THE DATA START
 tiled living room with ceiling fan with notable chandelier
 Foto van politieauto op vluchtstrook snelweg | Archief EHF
THE DATA END
THE DATA START
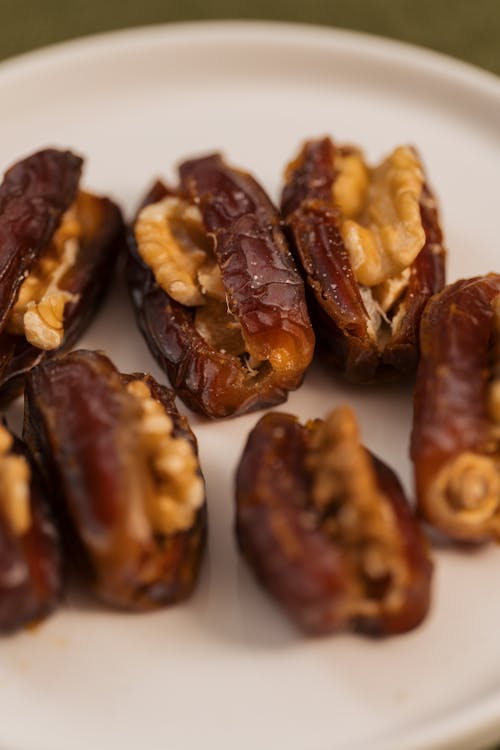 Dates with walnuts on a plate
THE DATA END
▶ **GOAL OF THE EXERCISE**
Retype exactly the span of lines from the one with "tiled living room" through the one with "Foto van politieauto"; include both ends and omit the rest of the material.

▶ **EXPECTED OUTPUT**
 tiled living room with ceiling fan with notable chandelier
 Foto van politieauto op vluchtstrook snelweg | Archief EHF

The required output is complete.